Cronulla-Sutherland Sharks

On 18 June 2009, Cuthbertson signed a 2-year contract with the Cronulla-Sutherland Sharks starting in 2010.

Cuthbertson only played 12 games for the Sharks before being released from his contract.

St. George Illawarra Dragons
At the end of 2010, Cuthbertson was named in the Penrith Panthers 2011 pre-season squad but ended up signing a one-year contract with the St. George Illawarra Dragons starting in 2011 to try and revive his career under supercoach Wayne Bennett.

In 2011, Cuthbertson was again selected for City Origin, this time playing.
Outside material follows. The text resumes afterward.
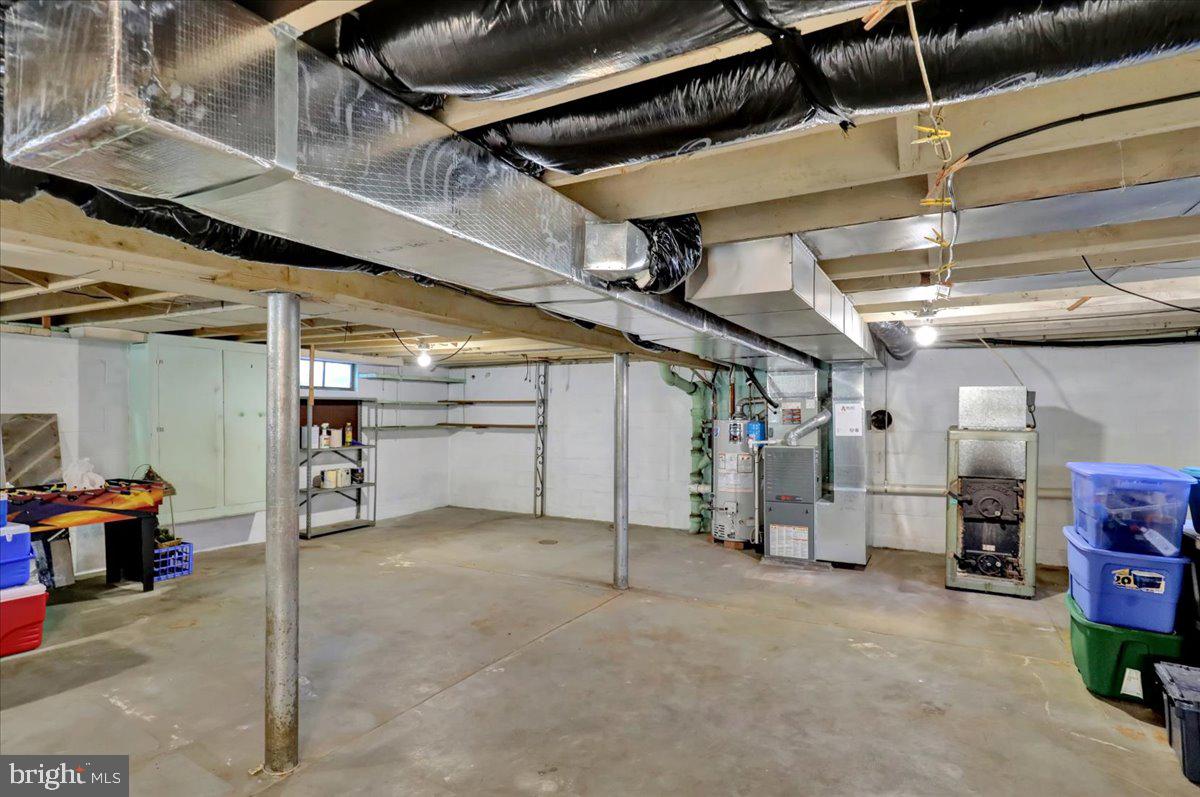307 Summit Avenue Reading, PA 19607 - Photo 22 of 25 Spacious, versatile basement area.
Cuthbertson went on to play 19 games in 2011, scoring 2 tries for the Dragons.

Newcastle Knights
On 26 October 2011, Cuthbertson signed a 3-year contract with the Newcastle Knights starting in 2012.
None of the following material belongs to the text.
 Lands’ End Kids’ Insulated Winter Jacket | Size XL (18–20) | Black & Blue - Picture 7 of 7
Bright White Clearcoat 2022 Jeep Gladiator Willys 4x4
Cuthbertson had a slow start to 2012 but finished the year having played 22 games in his first season for the Knights.

Leeds Rhinos
On 26 May 2014, Cuthbertson signed a four-year contract with the Leeds Rhinos starting in 2015. He made an impact in his first season at the Rhinos, helping the team to win the Challenge Cup in a 50-0 victory over Hull Kingston Rovers at Wembley Stadium.
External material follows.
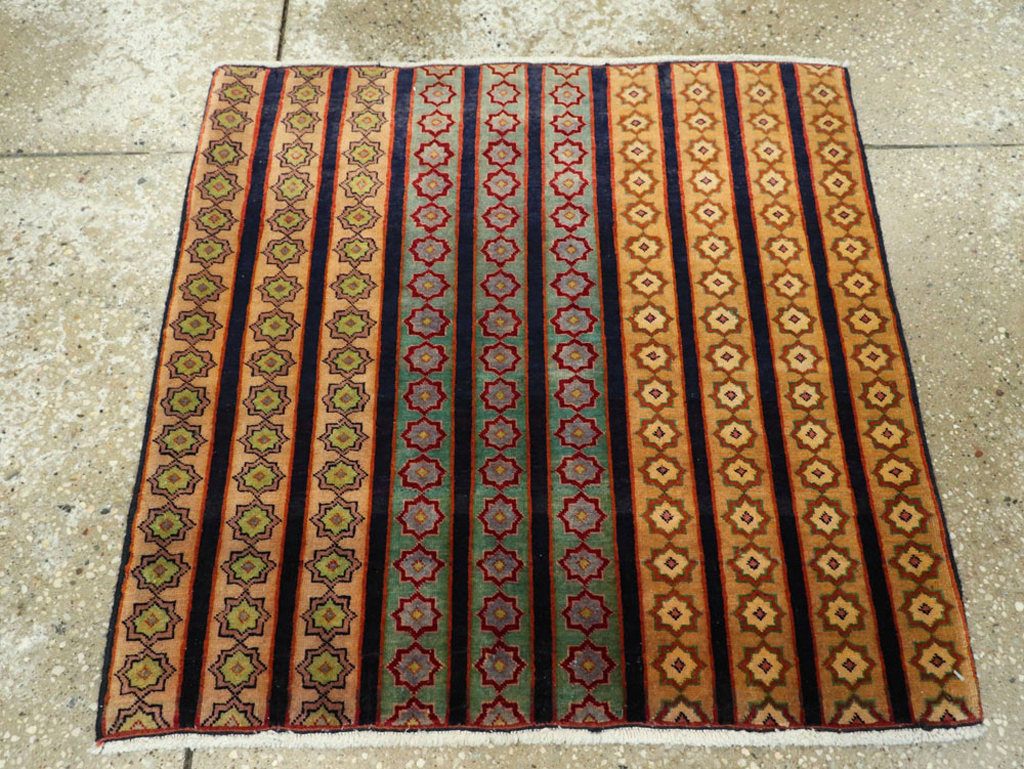 Vintage Persian Kashan Modernist Rug, No.23420 - Galerie Shabab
Cuthbertson won the League Leaders' Shield after a last second victory over Huddersfield Giants. He set a new Super League record for offloads with 125.

Cuthbertson played in the 2015 Super League Grand Final victory over the Wigan Warriors at Old Trafford.

Cuthbertson played in the 2017 Super League Grand Final victory over the Castleford Tigers at Old Trafford.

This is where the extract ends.